Grief Doesn’t Care About the Calendar

Grief doesn’t show up when it’s convenient. It doesn’t pencil itself in for the weekend or wait until the work meeting is over. It crashes through like a storm, uninvited and untamed, often at the worst possible time.

When Kahlia died, people said things like, "The first year is the hardest." As if grief cares about your neatly stacked months or the tidy timelines that make everyone else feel more comfortable. I also don’t understand why this is advice! it made me feel worse, I didn’t care about time, it was day by day. Every day forward felt like a betrayal, I only wanted to somehow get the days to work in reverse, back where she was still here and everything felt ‘normal’..
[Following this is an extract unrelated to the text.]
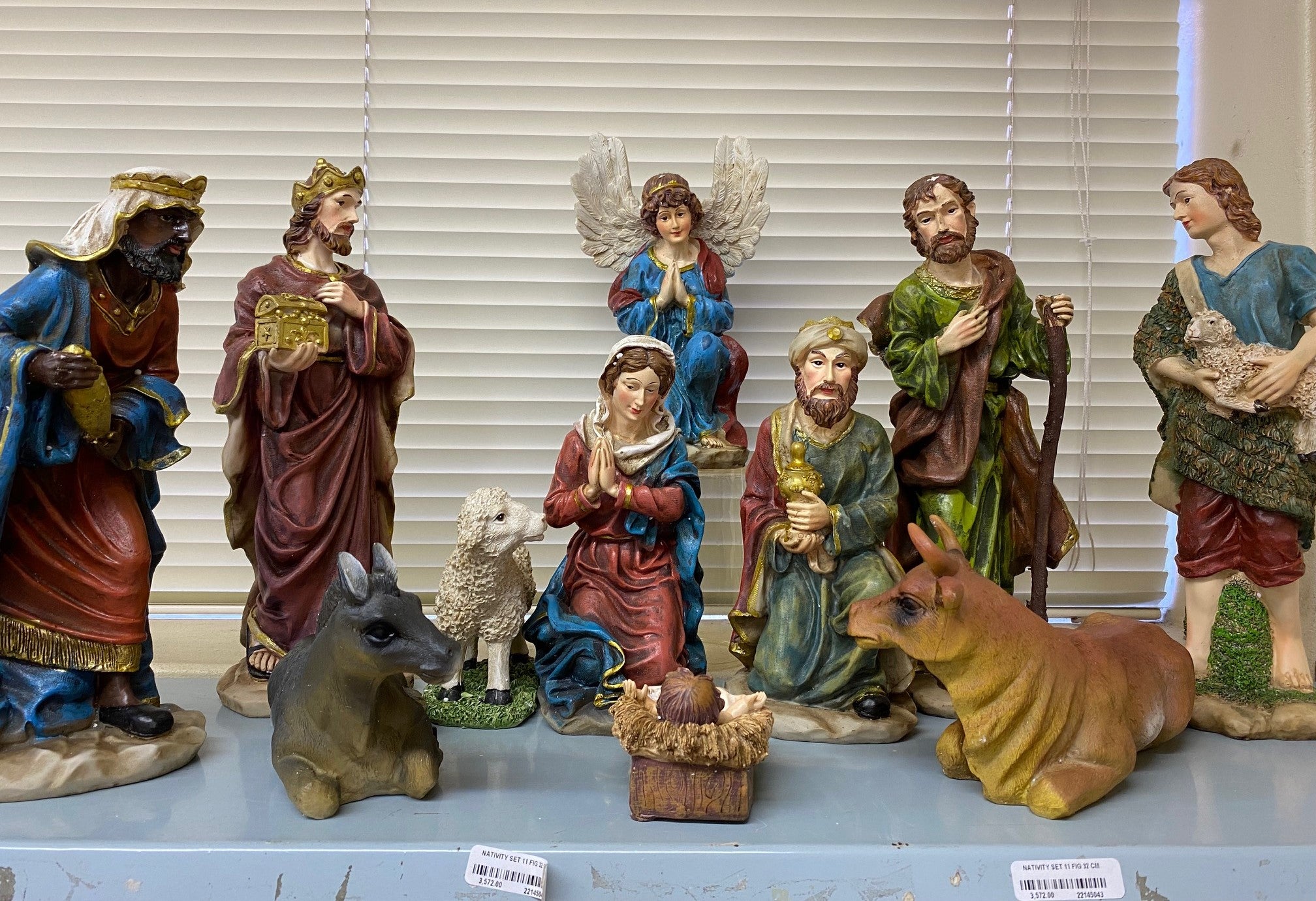 NATIVITY SET 11 PIECES 32 CM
People warn you about holidays, and ‘big’ days without them. But here’s the truth: it’s not just the big days that break you.

Yes, birthdays are brutal. Anniversaries slice you open. Christmas feels like a crime scene. But sometimes, it’s the ordinary Tuesdays that hurt the most. The empty chair at dinner. The smell of her shampoo on a hoodie you forgot you hadn’t washed. The song in a shop that takes you back without warning.

The calendar doesn’t catch those moments. But your heart does.

People think there’s a pattern to this. That you hit Month 3 and start coping. That by Month 6, you’re smiling more. That by Month 12, you’re “doing better.”
But grief doesn’t read spreadsheets. It doesn’t follow trends.
It lingers. It ambushes. It softens and sharpens without notice.

Some months I can breathe. Others, I can barely get through a day.
There are no milestones here, only landmines.

I’m learning not to judge myself for this. Not to hold myself to the world’s expectations of what mourning should look like. Some days I function. Some days I fold. Some days I find a moment of peace and think, maybe I’m healing and then the next day, I’m screaming in the car again.

Grief is not linear. It’s not polite. And it sure as hell doesn’t care that it’s been “a year.”

So if you’re here, trying to survive your own unspeakable loss, please, throw out the calendar.
Mark your healing by moments of breath, not months on a timeline.
And know this: just because time is moving forward doesn’t mean you have to race it.

You're allowed to grieve in spirals.
You're allowed to not be okay on a random Thursday.
You're allowed to begin again, as many times as it takes.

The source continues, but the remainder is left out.